Primrose is a simple Python framework for executing in-memory workflows defined by directed acyclic graphs (DAGs) via configuration files. Data in primrose flows from one node to another while avoiding serialization, except for when explicitly specified by the user. Primrose nodes are designed for simple batch-based machine learning workflows, which have datasets small enough to fit into a single machine's memory.

Table of Contents

We suggest reading the documentation in the following order:

  • Overview and motivation for primrose—this file.
  • Getting Started: run your first primrose jobs.
  • DAG Configurations: primrose adopts a configuration-as-code paradigm.

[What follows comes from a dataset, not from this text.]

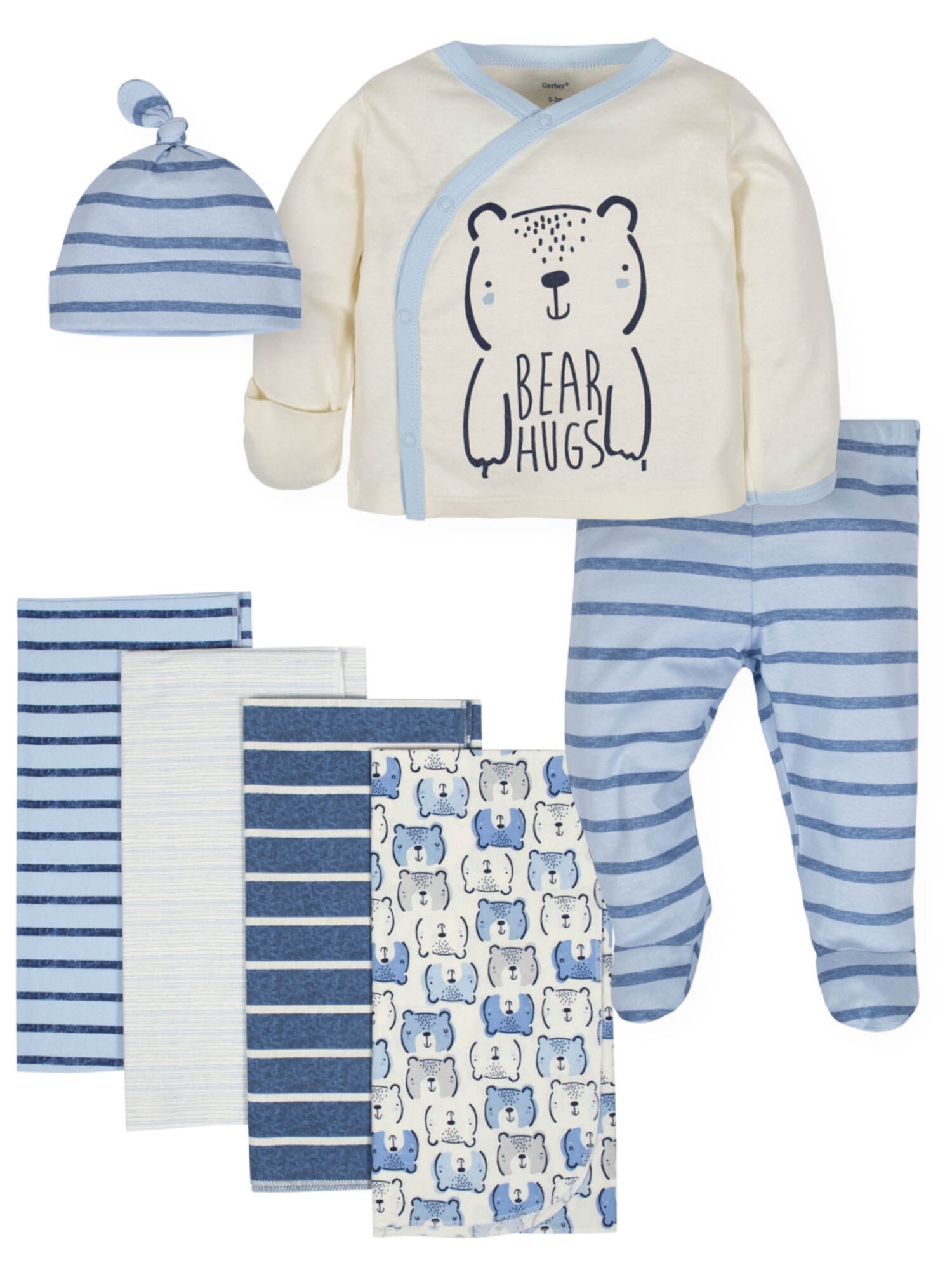 Gerber Baby Boy Organic Take Me Home Outfit Set & Blankets Bundle, 7-Piece GERBER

This section introduces primrose configuration files.
  • Metadata: this covers more advanced options of the configuration files.
  • Command Line Interface (CLI): run commands using the CLI.
  • Developer Notes: how to create your own new Node classes.
  • DataObject: a deep dive into DataObject, the core data handling and book-keeping object.

Introduction

Primrose is a Python framework for quick, simple machine learning and recommender deployments developed by the data science team at WW. It is essentially a workflow management tool which is specialized for the needs of machine learning tasks with small to medium sized datasets (≤ 100GB). Like many orchestration tools, Primrose nodes are defined in a directed-acyclic-graph which defines dependencies and control flow.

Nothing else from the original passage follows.